Ces deux percées successives, s’appuyant sur la volonté des salariés d’en finir avec le libéralisme et ses institutions internationales, européennes et hexagonales, ont prouvé que notre programme est majoritaire à gauche. N’en déplaise aux thuriféraires de l’accompagnement social-libéral du capitalisme et aux sectaires qui détruisent l’unité au cri de « vive l’unité » ! Ce programme est majoritaire car il est défendu, certes par les électeurs du Front de Gauche, mais également par une grande partie des socialistes.
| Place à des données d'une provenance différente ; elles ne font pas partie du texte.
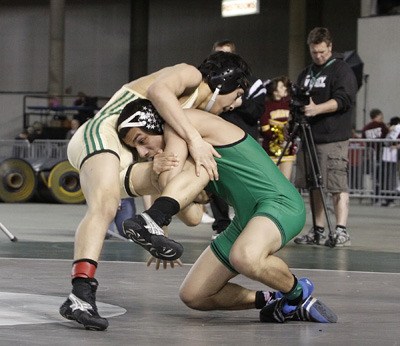 Kentwood’s Ruben Navejas works to tally more points in the 112-pound title match against Matthew Nguyen. He won 8-3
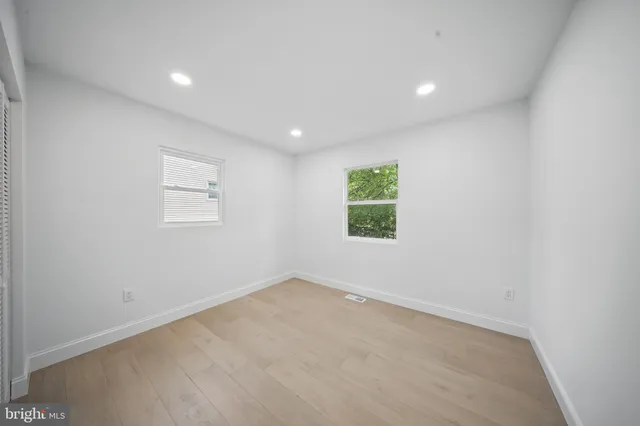 an empty room with windows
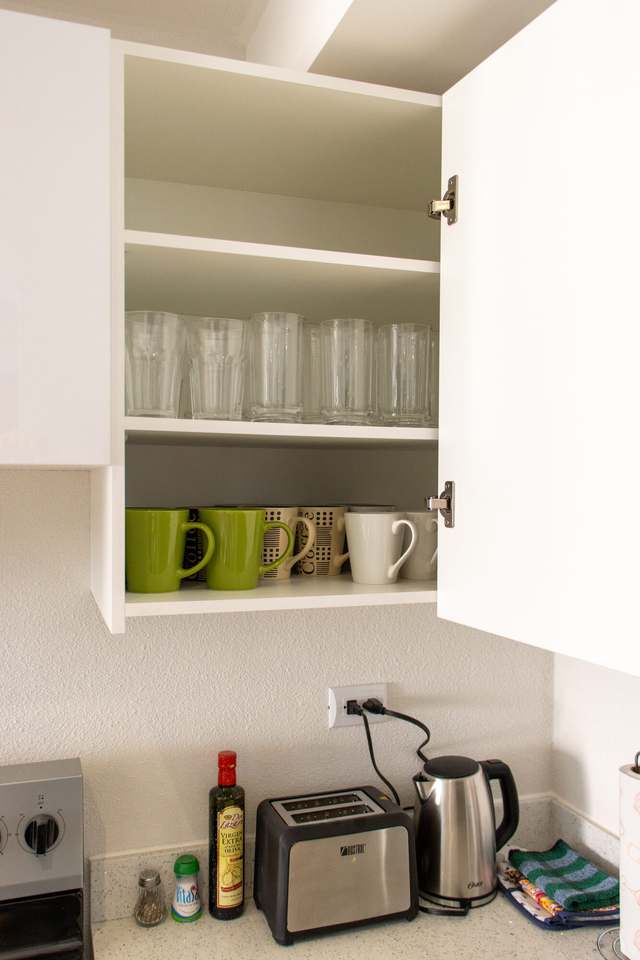 Alacena con vasos y tazas sobre la barra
Jean-Luc et ses lieutenants ont été contraints de le dire à de nombreuses reprises : à la Bastille, dans les meetings, dans les soirées militantes du Front de Gauche, les militants et sympathisants socialistes sont très nombreux, voire peut-être majoritaires. Mélenchon, mieux qu’un Montebourg englué dans un discours vieux-républicain protectionniste finalement réactionnaire, a su se frayer un chemin vers les masses en reprenant notre programme, le programme majoritaire au sein de la gauche, ce programme, à première vue modéré, qui est à même de nous ouvrir les portes d’une autre monde : défense des 35 heures, retraite à 60 ans, smic à 1700 euros et pas un salaire qui lui serait 20 fois supérieur. Et, franchement, ce n’est pas pour nous déplaire…
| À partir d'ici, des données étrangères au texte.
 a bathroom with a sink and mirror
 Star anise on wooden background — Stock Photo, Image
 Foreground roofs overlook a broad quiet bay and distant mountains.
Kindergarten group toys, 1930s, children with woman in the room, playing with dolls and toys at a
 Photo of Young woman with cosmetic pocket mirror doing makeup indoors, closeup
Ce qui nous déplait en revanche, au-delà des programmes qui ne sont que des mots, c’est la ligne stratégique. A nos yeux, elles priment sur les plus beaux discours. C’est pour cela que nous avons défendu Martine Aubry en interne, puis François Hollande dans la campagne. Nous avons des différends avec eux, ce n’est pas un scoop. Mais, successivement, ils nous sont apparus comme les deux seuls candidats susceptibles de battre Sarkozy. Et c’est ce qui nous importe au premier chef, comme à des millions de salariés qui ne votent pas pour un programme, mais pour éviter le pire. Ceux qui se gaussent d’un tel discours méprise le peuple, puisque ils passent par pertes et profits l’aspiration le plus forte du salariat de notre pays : chasser Sarkozy et sa clique d’intégristes libéraux. Ces beaux-parleurs oublient que l’élection du président au suffrage universel est une parodie de démocratie. C’est un scrutin bonapartiste qui dépolitise les personnes en personnalisant la politique. Tant qu’elle existera, c’est-à-dire tant que nous n’aurons pas détruit les institutions antidémocratiques de la Vème République, jamais une telle élection ne pourra accoucher de l’expression chimiquement pure de la volonté populaire. Nous ne pouvons que l’utiliser pour défaire nos ennemis les plus menaçants. Ce ne sera déjà pas si mal…

C’est pour cela que Mélenchon, malgré un campagne de grande qualité, sera loin du candidat socialiste le 22 avril, tout comme Montebourg a finalement recueilli deux fois moins de suffrages qu’Aubry ou Hollande le 9 octobre dernier. L’aspiration des salariés à l’unité est la plus profonde car ils en ressentent le besoin impérieux presque instinctivement dans leurs entreprises, dans leurs établissements, dans leurs luttes et même dans leur vie quotidienne. Ceux qui méprisent cette aspiration sont condamnés par l’histoire. Il n’y a qu’une seule gauche, qu’il faut homogénéiser, densifier, organiser et radicaliser. Le camarade Jean-Luc se trompe en se présentant comme le candidat de « l’autre gauche ». Tant qu’il persistera dans son erreur, il se contentera d’être un brillant, mais éternel second. C’est peut-être présomptueux de notre part, mais nous, nous voulons la première place. Nous ne craignons pas de la disputer aux sociaux-libéraux et aux sociaux-démocrates car nous savons que le programme que nous défendons avec d’autres au sein de toute la gauche est largement majoritaire chez les salariés.